Mit Ablauf des Solidarpaktes II im Jahr 2020 werden im Landeshaushalt, verglichen mit 2001, etwa 4 Milliarden DM weniger zur Verfügung stehen. Aus den Erfahrungen der bisher geübten Haushaltskonsolidierung wissen wir, dass ein solcher Betrag nicht in zwei oder drei Jahren eingespart werden kann, das heißt, wir müssen uns schon jetzt darauf einstellen.

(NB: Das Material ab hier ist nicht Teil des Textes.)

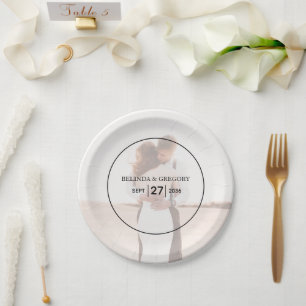 Prato De Papel Casamento de Foto Minimalista Simples Elegante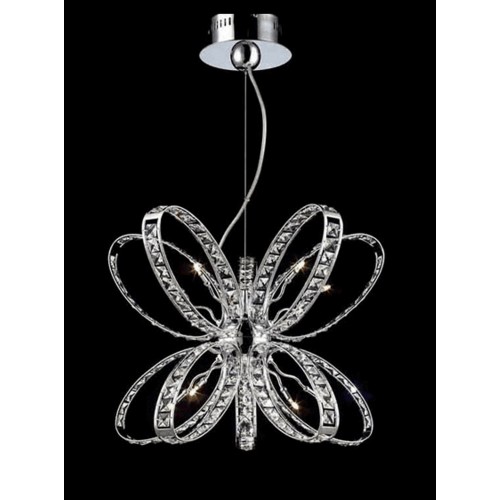 Butterfly Crystal Cluster Pendant Light with Bulbs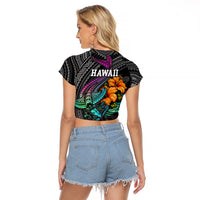 Hawaii Polynesian Raglan Cropped T Shirt with Tribal Hammerhead Sharks and Hibiscus Black TS04 - Polynesian Pride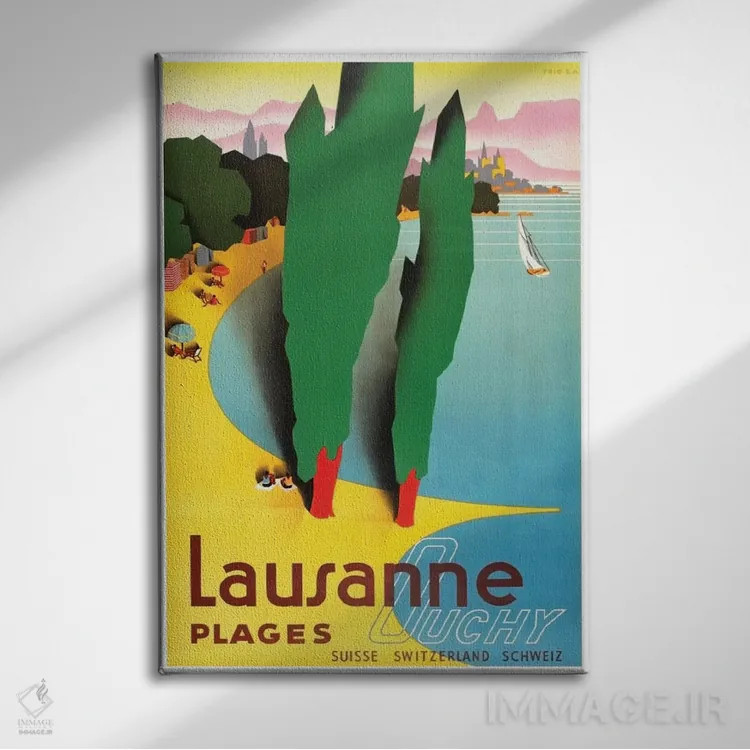 تابلو دکوراتیو Switzerland IV,لوزان-اووشی، سوئیس IV - نمای روبهرو روی دیوار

Die Degression der Einnahmen verdeutlicht auch, dass die wichtigen Entscheidungen zur weiteren Angleichung der Lebensverhältnisse in Ost und West jetzt und nicht in fünf oder zehn Jahren fallen. Von 2002 an gerechnet werden wir bereits bis zum Jahr 2007 mehr als die Hälfte der zu erwartenden Gesamtsumme aus den Sonderbedarfsbundesergänzungszuweisungen erhalten. Das bedeutet, dass der derzeitige teilungsbedingte Nachholbedarf schon im Jahr 2007 auf die Hälfte reduziert werden muss, um nicht in Verzug zu geraten. Zeit für Experimente bleibt nicht viel. - Vielen Dank.
Ich danke Ihnen, Frau Ministerin Ziegler. - Ich gebe das Wort noch einmal an die Fraktion der PDS, Herrn Abgeordneten Prof. Dr. Bisky.
Herr Präsident! Meine Damen und Herren! Da die Angleichung der Lebensverhältnisse zwischen Ost und West die eigentliche Zweckbestimmung sowohl des laufenden als auch des Solidar
paktes von 2005 bis 2019 ist, komme ich, nachdem Frau Osten unsere positive Einschätzung zum Solidarpakt vorgetragen hat, auf die Kritik von gestern zurück und erneuere sie.
Wir wollen von der Landesregierung die konkreten Vorstellungen erfahren: Wie wollen Sie die Arbeits- und Lebensverhältnisse in Brandenburg angleichen? Herr Ministerpräsident, da helfen auch keine allgemeinen Bekenntnisse zur Angleichung. Ich kenne alle diese Sätze aus Regierungs- und Presseerklärungen. Man kann sie in Koalitionsvereinbarungen oder sonst wo in großer Zahl lesen. Die Menschen wollen Ergebnisse sehen. Anderenfalls stimmen sie weiter mit den Füßen ab - gegen uns!
Die Menschen, die es können, wandern in noch größerer Zahl dorthin, wo es Arbeit gibt. Das ist ein trauriger Prozess!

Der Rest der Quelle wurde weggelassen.